== Assigned task ==
Repeat the data exactly. Pictures stay out.

::: Material provided :::

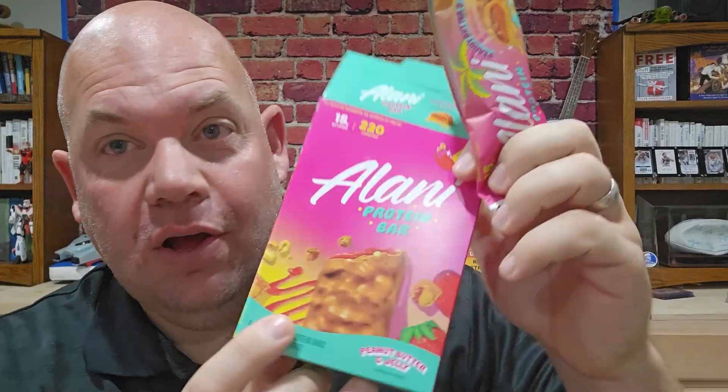All right, so today we're taking a look at these Alani Protein Bars. This is a bar that I've never tried before, but I saw it and I thought that looks good. I especially thought maybe my kids will eat it as protein bars, especially my kids who are really active and just need something to grab and go.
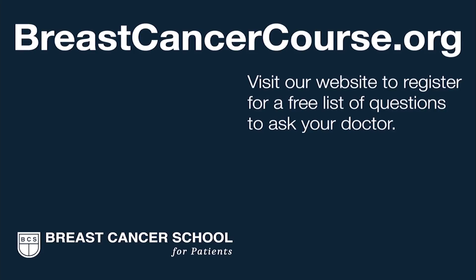To learn more about 3D mammograms, visit the Breast Cancer School for Patients, where we teach you everything you need to know. We're here to help you get the best possible breast cancer care in your community. Register on our website to get our list of questions to prepare you for your next doctor visit.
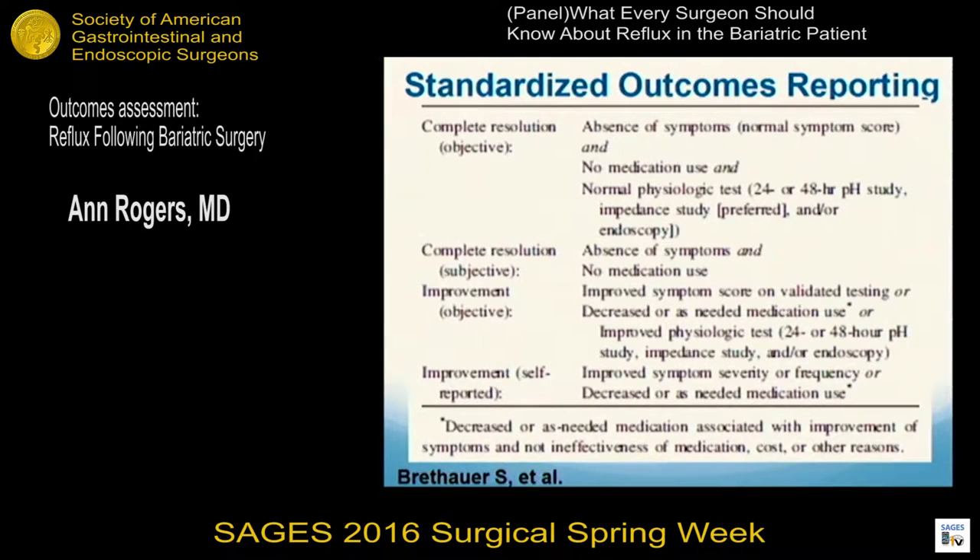In that same report, they talked about the differences between improvement versus complete resolution. Some of that is subjective — just patients reporting whether they're still having symptoms. But some objective things include how much medication they're using or whether medication is eliminated, and in particular improved or normalized studies such as pH probe, impedance testing, and endoscopy. These are all important to include if you're going to write a paper on resolution of GERD after weight loss surgery.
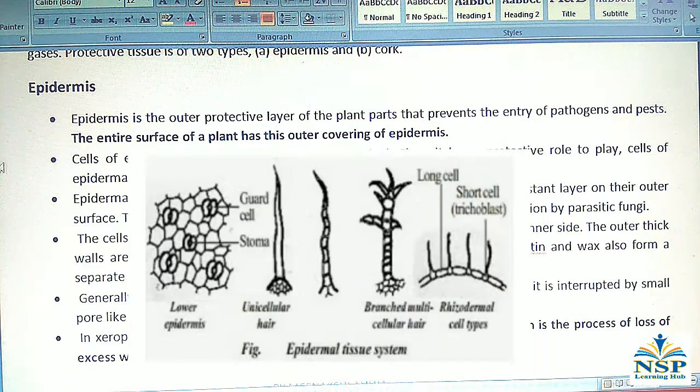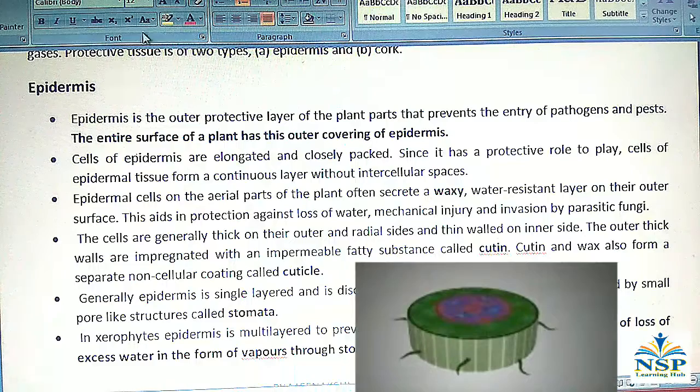The entire surface of the plant has an outer covering of epidermis. The cells of epidermis are elongated and closely packed. Since it has a protective role to play, cells of epidermal tissues form a continuous layer without intercellular spaces.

:::

== Answer space ==
All right, so today we're taking a look at these Alani Protein Bars. This is a bar that I've never tried before, but I saw it and I thought that looks good. I especially thought maybe my kids will eat it as protein bars, especially my kids who are really active and just need something to grab and go.
To learn more about 3D mammograms, visit the Breast Cancer School for Patients, where we teach you everything you need to know. We're here to help you get the best possible breast cancer care in your community. Register on our website to get our list of questions to prepare you for your next doctor visit.
In that same report, they talked about the differences between improvement versus complete resolution. Some of that is subjective — just patients reporting whether they're still having symptoms. But some objective things include how much medication they're using or whether medication is eliminated, and in particular improved or normalized studies such as pH probe, impedance testing, and endoscopy. These are all important to include if you're going to write a paper on resolution of GERD after weight loss surgery.
The entire surface of the plant has an outer covering of epidermis. The cells of epidermis are elongated and closely packed. Since it has a protective role to play, cells of epidermal tissues form a continuous layer without intercellular spaces.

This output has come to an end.